Barry H. Stirling, Paris.
Allan Stone Gallery, New York.
Literature
R. Krauss, The Sculpture of David Smith, A Catalogue Raisonné, New York 1977, p. 67, no. 338 (illustrated).

Lot Essay

Like his friends Barnett Newman and Willem de Kooning, David Smith was obsessed with reconciling the figure and abstraction. De Kooning never gave up the figure, though his slashed and dismembered women came close to the edge of complete abstraction. Newman substituted an abstract symbol--the "zip", a thin, vertical linear element in his paintings--for the presence of the figure. Smith, whose works can be viewed, as can Newman's, as totally abstract, utilized figural imagery throughout his career. Forging VI is an example of the extreme to which he pushed the edge of figural abstraction.
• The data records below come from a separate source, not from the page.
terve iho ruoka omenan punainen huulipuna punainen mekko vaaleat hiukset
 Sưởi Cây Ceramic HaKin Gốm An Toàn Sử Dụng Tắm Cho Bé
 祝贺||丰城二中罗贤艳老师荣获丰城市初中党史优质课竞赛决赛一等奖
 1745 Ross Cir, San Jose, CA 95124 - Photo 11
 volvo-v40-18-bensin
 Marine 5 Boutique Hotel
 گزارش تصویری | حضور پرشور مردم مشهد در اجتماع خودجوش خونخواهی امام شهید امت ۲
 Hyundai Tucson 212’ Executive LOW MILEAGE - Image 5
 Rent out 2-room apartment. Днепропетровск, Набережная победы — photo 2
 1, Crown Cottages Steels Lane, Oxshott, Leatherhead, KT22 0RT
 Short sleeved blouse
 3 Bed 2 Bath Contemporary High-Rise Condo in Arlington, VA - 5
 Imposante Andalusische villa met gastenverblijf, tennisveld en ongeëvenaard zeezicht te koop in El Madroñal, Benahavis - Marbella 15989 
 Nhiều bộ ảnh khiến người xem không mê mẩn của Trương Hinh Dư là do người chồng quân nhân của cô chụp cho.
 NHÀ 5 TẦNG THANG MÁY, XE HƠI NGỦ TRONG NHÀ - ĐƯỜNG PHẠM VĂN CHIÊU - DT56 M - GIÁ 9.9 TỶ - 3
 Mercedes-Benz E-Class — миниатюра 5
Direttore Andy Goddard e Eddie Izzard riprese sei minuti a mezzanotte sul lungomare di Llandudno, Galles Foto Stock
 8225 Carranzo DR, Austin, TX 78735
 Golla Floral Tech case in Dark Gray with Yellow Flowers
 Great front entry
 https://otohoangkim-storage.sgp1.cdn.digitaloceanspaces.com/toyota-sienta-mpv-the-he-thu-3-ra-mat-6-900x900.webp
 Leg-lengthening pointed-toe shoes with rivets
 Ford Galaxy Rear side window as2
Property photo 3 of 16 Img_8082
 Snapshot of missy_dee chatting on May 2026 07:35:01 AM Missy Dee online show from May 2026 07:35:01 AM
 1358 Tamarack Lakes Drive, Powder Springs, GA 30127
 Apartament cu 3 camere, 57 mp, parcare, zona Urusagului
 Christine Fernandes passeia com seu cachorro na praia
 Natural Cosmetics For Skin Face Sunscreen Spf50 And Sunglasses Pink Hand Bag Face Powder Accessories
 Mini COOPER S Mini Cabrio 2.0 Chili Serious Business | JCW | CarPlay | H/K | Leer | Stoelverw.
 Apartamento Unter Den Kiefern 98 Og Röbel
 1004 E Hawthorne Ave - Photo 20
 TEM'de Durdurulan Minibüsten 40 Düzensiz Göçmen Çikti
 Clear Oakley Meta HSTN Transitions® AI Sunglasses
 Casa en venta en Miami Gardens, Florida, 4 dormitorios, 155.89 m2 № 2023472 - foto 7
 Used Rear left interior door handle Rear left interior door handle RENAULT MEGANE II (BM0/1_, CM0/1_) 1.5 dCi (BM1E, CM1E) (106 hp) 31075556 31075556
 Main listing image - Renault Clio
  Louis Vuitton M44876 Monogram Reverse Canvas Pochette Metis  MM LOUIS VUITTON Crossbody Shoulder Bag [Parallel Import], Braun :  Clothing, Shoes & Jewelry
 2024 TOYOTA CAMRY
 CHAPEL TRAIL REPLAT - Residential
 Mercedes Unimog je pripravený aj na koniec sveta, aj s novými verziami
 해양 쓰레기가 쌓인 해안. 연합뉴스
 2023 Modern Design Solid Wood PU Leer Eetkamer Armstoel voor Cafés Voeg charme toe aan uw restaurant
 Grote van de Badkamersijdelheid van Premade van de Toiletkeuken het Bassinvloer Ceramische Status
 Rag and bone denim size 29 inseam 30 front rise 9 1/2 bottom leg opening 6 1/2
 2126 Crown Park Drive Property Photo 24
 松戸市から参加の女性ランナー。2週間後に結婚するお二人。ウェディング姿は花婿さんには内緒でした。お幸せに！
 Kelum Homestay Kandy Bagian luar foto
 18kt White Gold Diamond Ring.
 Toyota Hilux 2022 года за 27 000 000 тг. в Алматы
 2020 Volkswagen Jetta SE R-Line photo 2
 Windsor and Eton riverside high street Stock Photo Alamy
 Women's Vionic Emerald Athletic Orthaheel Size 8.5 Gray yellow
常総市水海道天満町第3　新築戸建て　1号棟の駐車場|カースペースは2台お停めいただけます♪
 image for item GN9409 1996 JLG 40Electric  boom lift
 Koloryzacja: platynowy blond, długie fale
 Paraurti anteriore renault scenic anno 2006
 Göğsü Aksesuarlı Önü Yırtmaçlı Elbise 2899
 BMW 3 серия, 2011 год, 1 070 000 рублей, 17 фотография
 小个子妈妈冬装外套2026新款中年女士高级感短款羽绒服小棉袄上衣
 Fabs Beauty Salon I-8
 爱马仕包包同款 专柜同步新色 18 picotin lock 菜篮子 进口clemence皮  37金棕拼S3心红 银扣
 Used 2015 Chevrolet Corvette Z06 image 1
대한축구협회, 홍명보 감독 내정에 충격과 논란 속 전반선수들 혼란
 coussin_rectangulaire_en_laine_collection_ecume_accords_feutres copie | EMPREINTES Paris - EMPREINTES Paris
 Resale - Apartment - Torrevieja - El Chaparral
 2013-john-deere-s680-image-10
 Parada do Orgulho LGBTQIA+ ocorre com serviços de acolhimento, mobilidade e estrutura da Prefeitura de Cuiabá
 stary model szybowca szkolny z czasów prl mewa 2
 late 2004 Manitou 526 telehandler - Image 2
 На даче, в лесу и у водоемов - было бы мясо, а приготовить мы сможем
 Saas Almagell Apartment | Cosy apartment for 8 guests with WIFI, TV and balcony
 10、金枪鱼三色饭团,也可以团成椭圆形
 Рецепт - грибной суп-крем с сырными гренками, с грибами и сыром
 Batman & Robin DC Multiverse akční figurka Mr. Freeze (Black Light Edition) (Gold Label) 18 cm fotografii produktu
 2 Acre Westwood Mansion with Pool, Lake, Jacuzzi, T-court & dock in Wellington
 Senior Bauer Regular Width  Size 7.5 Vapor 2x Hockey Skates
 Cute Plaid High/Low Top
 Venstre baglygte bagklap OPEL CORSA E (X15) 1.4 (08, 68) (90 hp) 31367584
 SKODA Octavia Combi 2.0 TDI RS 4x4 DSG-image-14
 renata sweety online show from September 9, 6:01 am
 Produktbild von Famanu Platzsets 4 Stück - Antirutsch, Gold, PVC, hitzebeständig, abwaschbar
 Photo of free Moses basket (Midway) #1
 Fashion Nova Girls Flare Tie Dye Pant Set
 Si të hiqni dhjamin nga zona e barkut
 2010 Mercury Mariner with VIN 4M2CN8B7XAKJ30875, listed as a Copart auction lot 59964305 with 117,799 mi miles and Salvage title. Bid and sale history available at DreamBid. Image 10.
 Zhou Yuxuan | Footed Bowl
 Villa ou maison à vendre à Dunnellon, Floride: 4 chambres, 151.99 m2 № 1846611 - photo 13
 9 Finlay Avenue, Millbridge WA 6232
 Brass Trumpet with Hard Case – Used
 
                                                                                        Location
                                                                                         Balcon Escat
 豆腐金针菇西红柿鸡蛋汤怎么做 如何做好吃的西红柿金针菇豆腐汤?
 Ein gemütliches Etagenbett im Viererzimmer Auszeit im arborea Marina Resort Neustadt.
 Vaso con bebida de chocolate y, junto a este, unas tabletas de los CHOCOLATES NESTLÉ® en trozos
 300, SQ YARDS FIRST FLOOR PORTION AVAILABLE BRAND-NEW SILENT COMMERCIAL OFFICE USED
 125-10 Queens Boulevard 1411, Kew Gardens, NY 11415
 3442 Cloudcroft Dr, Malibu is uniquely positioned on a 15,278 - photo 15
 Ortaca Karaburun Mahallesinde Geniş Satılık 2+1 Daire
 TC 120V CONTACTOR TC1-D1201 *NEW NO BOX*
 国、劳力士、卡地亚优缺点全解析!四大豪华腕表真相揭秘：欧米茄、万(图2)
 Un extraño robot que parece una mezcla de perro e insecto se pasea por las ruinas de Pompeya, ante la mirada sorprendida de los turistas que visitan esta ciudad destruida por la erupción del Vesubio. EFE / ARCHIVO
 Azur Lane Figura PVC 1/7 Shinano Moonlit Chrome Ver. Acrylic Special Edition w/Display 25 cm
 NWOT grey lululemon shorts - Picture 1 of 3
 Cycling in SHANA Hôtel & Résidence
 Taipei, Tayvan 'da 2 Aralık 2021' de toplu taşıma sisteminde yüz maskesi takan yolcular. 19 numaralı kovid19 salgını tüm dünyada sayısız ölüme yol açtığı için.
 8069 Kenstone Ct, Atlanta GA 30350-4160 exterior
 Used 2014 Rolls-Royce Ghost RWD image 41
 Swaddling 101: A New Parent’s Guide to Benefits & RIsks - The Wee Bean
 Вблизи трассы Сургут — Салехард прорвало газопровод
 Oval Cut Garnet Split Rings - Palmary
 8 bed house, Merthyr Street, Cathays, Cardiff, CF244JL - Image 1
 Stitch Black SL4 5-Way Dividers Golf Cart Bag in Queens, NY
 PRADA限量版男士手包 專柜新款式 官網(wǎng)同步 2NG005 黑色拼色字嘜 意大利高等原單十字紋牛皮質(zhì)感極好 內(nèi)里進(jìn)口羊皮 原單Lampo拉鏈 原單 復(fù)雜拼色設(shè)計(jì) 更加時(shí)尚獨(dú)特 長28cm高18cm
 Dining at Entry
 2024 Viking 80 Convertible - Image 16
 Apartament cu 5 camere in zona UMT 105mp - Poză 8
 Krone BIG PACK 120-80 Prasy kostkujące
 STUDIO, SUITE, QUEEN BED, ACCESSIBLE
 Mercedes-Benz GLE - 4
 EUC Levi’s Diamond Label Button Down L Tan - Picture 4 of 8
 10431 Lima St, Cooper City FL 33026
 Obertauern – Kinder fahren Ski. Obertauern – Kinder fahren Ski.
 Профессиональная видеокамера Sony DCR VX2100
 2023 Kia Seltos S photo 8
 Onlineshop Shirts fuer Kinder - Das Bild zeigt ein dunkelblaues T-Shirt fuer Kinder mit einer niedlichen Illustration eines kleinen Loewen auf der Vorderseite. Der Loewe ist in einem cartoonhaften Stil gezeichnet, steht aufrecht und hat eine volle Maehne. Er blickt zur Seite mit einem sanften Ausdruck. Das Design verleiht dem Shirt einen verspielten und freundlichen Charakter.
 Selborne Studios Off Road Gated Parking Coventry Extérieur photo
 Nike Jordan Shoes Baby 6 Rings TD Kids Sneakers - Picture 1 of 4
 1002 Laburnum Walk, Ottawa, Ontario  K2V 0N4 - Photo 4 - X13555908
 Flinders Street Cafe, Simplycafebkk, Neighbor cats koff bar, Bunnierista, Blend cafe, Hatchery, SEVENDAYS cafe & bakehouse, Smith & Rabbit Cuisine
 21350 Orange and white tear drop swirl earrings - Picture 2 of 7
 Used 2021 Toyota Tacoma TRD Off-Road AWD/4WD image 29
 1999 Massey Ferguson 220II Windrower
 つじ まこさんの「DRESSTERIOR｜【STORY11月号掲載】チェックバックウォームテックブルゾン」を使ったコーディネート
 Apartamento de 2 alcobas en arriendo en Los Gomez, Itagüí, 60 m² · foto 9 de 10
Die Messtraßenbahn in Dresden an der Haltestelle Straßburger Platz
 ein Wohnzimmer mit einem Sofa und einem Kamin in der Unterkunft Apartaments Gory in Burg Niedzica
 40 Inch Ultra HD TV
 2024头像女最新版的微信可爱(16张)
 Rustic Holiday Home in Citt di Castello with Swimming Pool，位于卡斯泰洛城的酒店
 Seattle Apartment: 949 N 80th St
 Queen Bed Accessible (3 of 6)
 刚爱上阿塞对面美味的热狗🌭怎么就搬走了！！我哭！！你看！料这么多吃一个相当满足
Like de Kooning's Women of 1951-1955, who merge with the painted background, or Newman's slender zip, Forging VI shows Smith narrowing the profile of the human form to the absolute minimum, while retaining the upward thrust of a figure in space. The process of hammering out the piece on the forge, slowly and arduously, physically producing the slightest of images, is akin to Newman's process of creating monumental canvases of large areas of flat color, applied again and again, pounding and feathering the brushstrokes to the edge of nothingness. Like Giacometti's slender Femme de Venise series, Forging VI barely holds onto its sculptural content, existing between being and nothingness, like a figure seen in mist, or dissolving in light and air--isolated, alienated, distanced from the viewer.

The material of Forging VI--stainless steel--is reflective by its very nature, which serves to heighten the effect of immateriality as it picks up the light and colors of its surroundings. Later in his career, Smith would utilize this material's special quality to great effect in his famous series of Cubis, produced in stainless steel in the early 1960s, where the monumental sculptures change with each moment of light and shadow.